ACTION ITEM:
Would you print the lines below exactly, beginning at the line that has "Person interacting with" and stopping after the line that has "Epson Glossy Photo"? Only those lines, and no pictures.

········

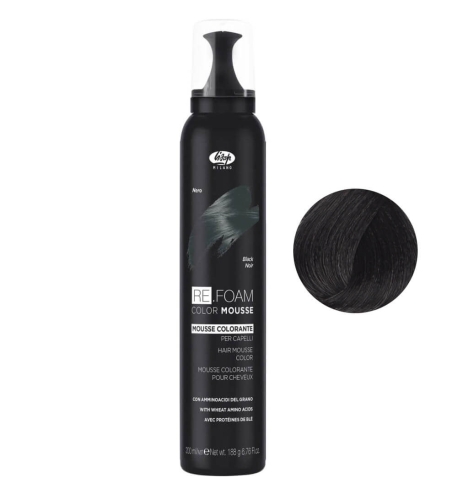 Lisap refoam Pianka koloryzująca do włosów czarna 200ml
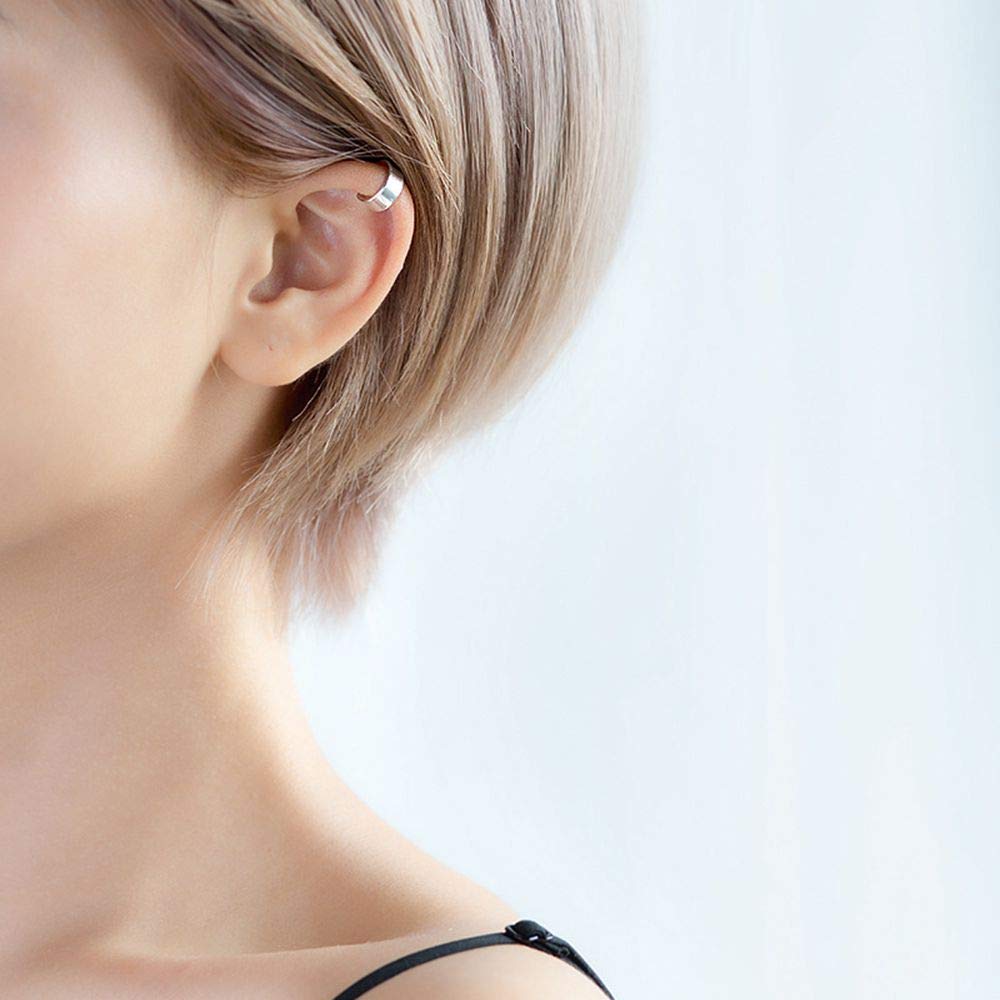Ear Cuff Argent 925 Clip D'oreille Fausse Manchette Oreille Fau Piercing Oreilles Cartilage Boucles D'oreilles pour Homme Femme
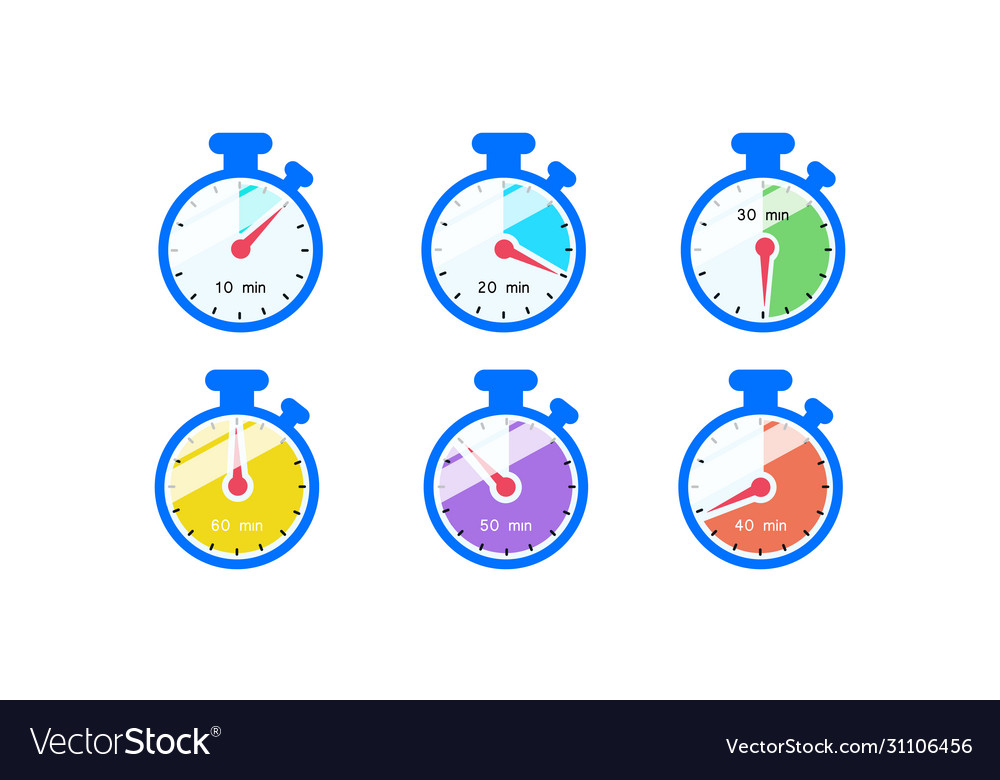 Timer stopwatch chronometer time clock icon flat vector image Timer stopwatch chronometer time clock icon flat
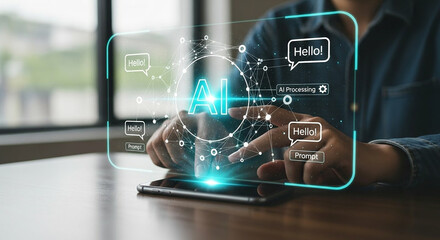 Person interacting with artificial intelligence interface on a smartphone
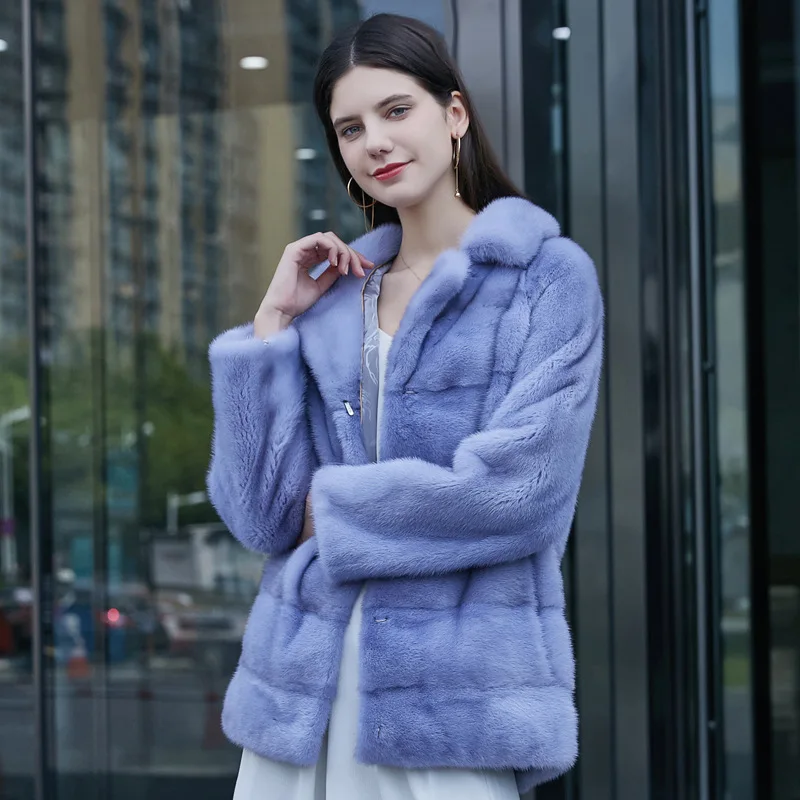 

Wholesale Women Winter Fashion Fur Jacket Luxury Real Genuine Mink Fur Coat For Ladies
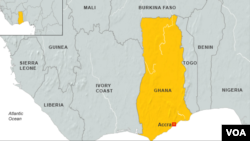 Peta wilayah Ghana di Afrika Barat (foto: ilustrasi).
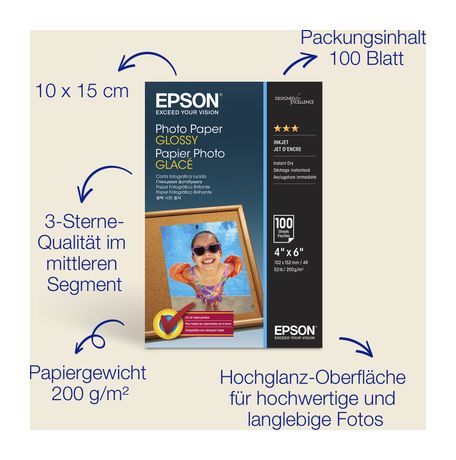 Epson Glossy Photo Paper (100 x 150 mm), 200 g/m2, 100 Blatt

········

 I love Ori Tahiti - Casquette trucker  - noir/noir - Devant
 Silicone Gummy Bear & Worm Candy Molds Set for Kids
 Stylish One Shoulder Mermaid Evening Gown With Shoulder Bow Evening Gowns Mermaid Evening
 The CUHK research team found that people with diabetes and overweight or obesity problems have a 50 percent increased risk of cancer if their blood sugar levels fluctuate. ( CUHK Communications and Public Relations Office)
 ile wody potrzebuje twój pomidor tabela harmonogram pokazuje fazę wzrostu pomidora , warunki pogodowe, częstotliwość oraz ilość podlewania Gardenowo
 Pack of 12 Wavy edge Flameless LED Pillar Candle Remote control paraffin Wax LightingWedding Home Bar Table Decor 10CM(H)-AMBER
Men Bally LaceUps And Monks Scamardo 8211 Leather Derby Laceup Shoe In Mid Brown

········

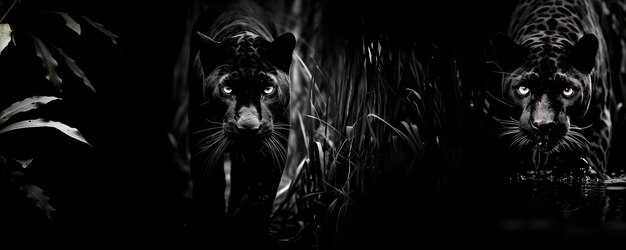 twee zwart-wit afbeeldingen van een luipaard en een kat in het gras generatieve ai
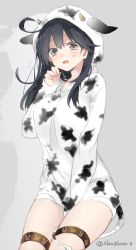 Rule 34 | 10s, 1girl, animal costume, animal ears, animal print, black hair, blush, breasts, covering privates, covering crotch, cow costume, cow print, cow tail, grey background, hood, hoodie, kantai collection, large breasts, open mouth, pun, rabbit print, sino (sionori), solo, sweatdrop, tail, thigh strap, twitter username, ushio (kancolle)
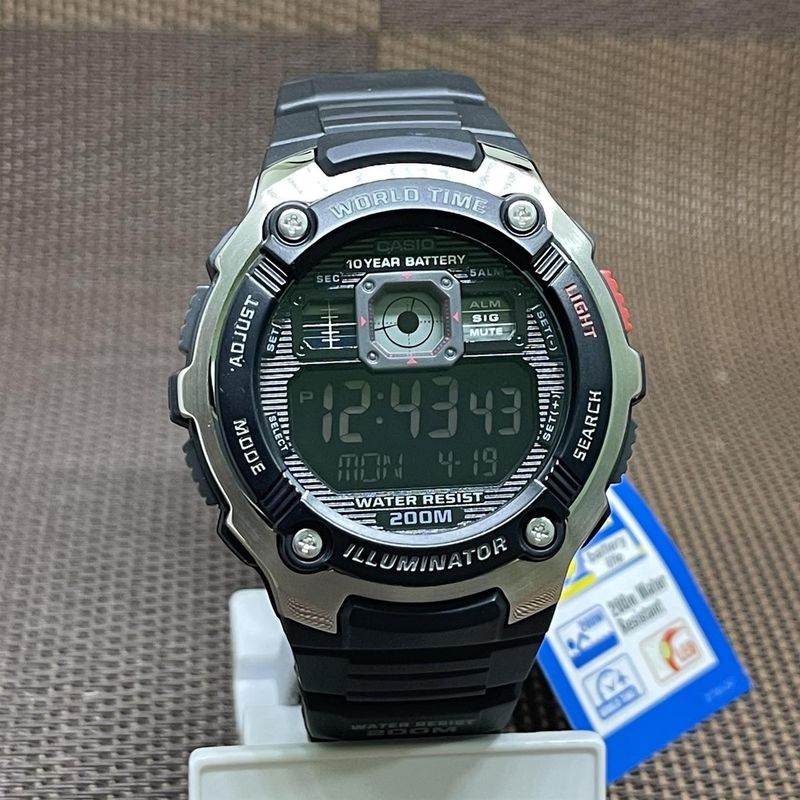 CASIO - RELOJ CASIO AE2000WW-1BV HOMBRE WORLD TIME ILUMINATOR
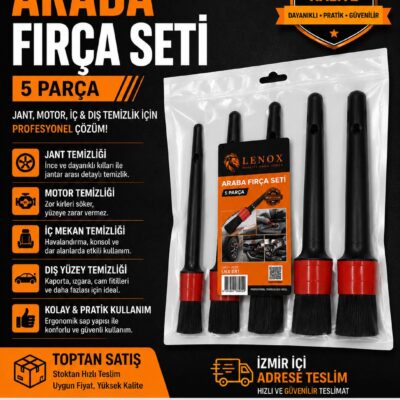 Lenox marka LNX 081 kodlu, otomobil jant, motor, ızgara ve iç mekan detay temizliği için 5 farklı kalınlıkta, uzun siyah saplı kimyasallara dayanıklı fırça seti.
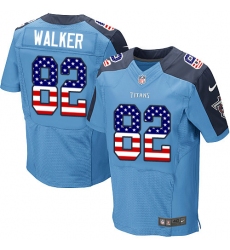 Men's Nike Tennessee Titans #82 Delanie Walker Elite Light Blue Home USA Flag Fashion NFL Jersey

········

PROBLEM SOLUTION:
 Person interacting with artificial intelligence interface on a smartphone

Wholesale Women Winter Fashion Fur Jacket Luxury Real Genuine Mink Fur Coat For Ladies
 Peta wilayah Ghana di Afrika Barat (foto: ilustrasi).
 Epson Glossy Photo Paper (100 x 150 mm), 200 g/m2, 100 Blatt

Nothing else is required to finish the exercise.